[Opening Records shown section]

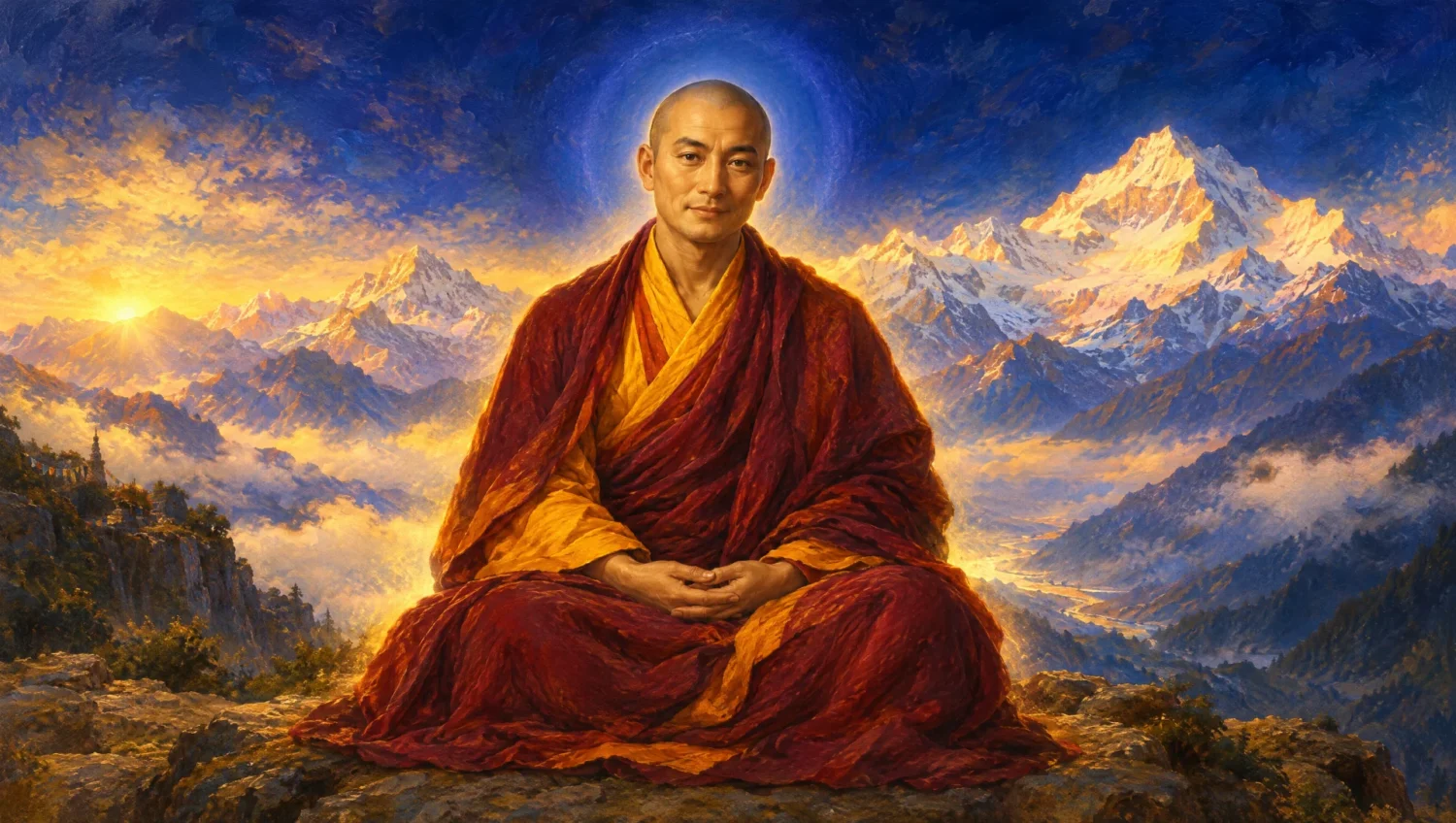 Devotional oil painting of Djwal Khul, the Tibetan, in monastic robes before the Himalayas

[Closing Records shown section]
[Opening Records shown section]

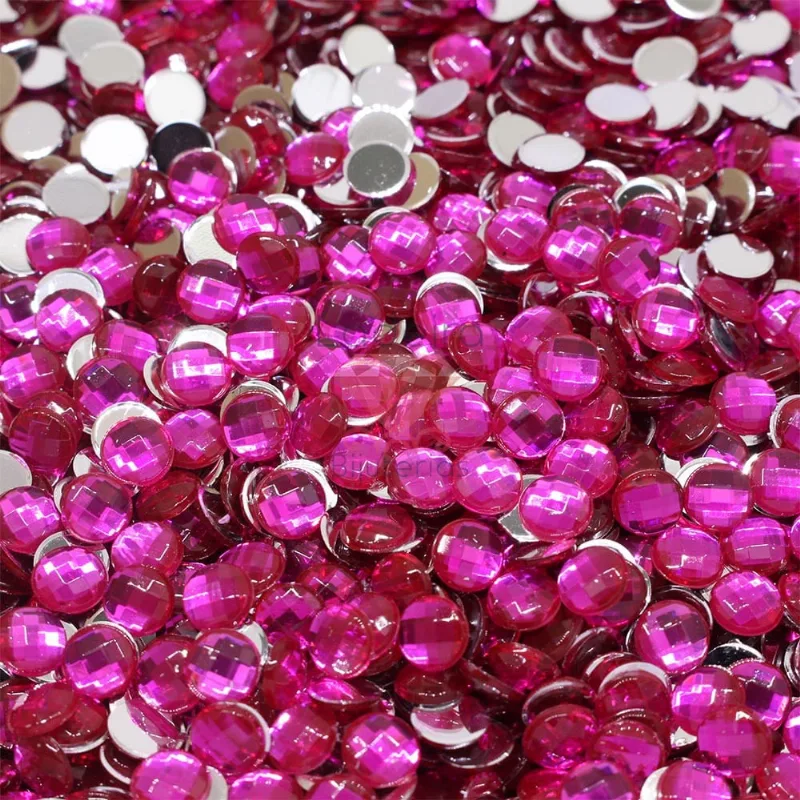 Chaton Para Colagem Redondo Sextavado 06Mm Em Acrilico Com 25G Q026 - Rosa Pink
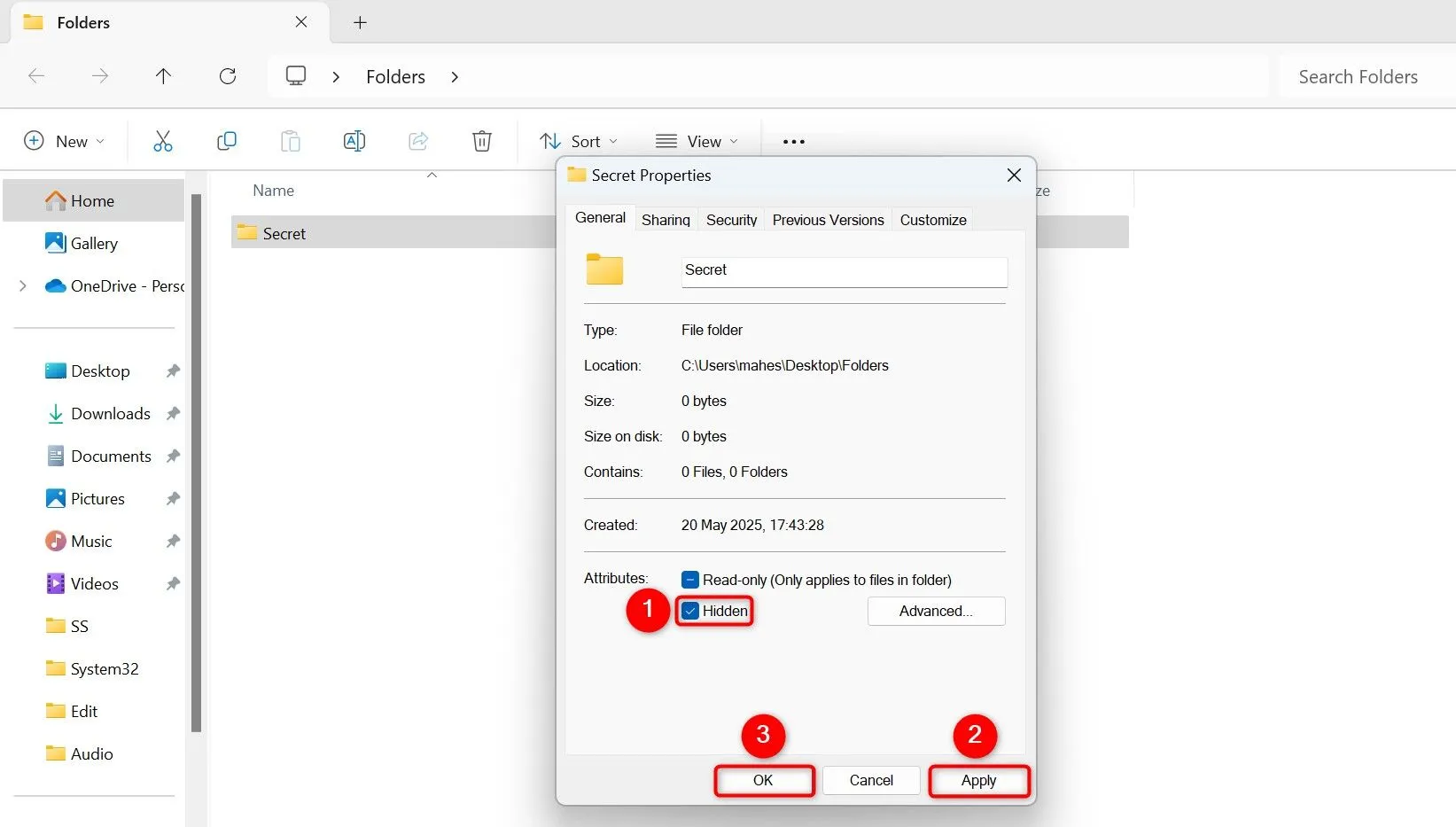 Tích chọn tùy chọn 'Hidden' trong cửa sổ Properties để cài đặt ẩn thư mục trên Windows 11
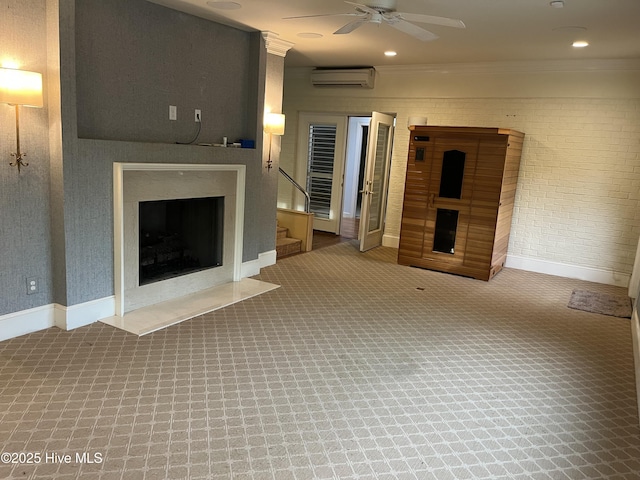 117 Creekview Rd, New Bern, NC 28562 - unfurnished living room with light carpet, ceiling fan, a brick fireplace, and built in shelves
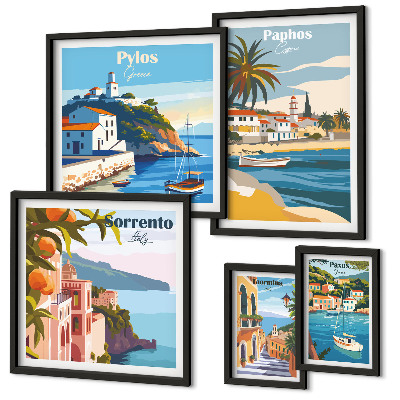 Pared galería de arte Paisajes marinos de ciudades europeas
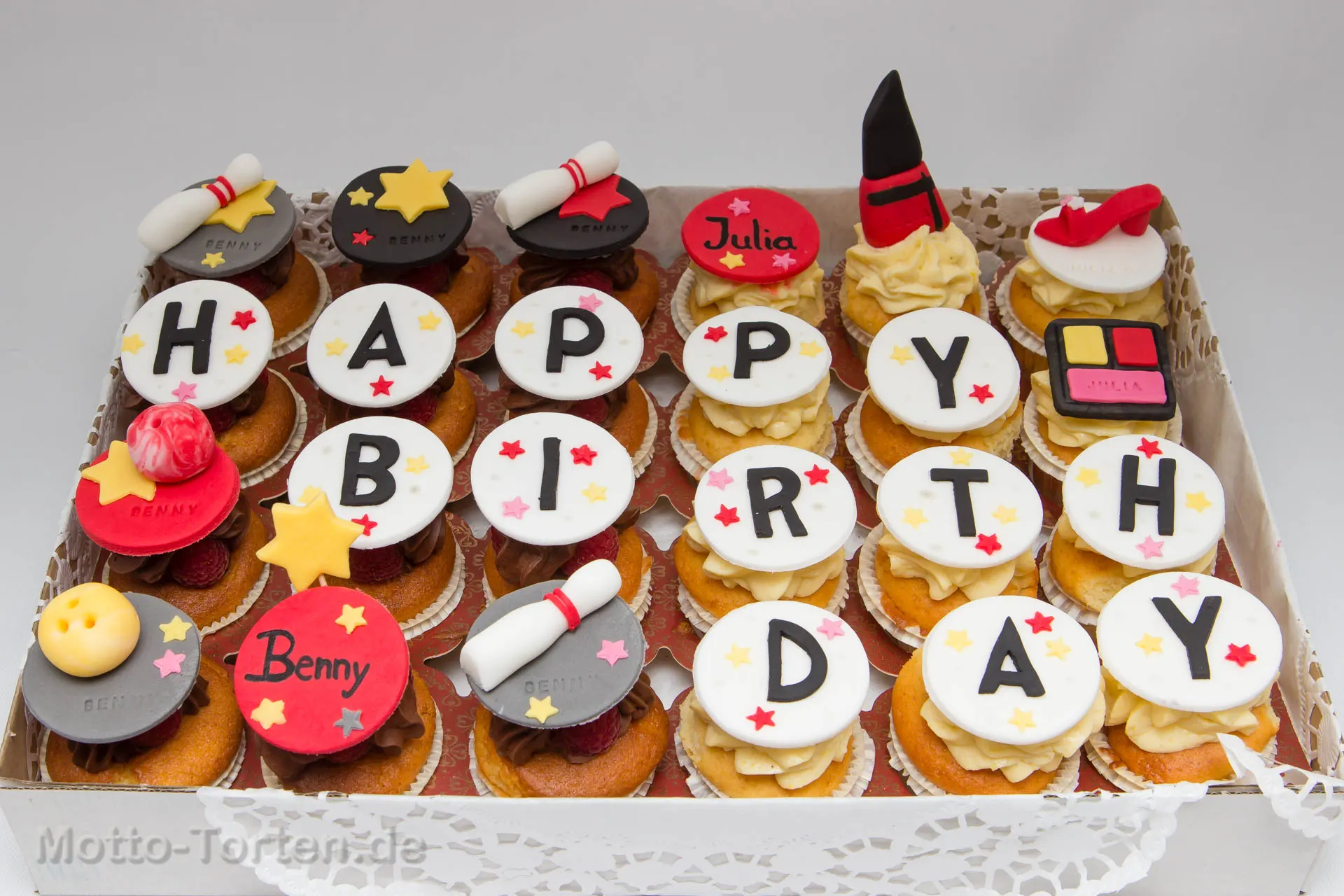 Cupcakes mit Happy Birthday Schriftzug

[Closing Records shown section]

Repeat only the stretch of data above that runs from the line with "Chaton Para Colagem" to the line with "Cupcakes mit Happy Birthday Schriftzug". Keep both end lines; exclude pictures.

Written answer
 Chaton Para Colagem Redondo Sextavado 06Mm Em Acrilico Com 25G Q026 - Rosa Pink
 Tích chọn tùy chọn 'Hidden' trong cửa sổ Properties để cài đặt ẩn thư mục trên Windows 11
 117 Creekview Rd, New Bern, NC 28562 - unfurnished living room with light carpet, ceiling fan, a brick fireplace, and built in shelves
 Pared galería de arte Paisajes marinos de ciudades europeas
 Cupcakes mit Happy Birthday Schriftzug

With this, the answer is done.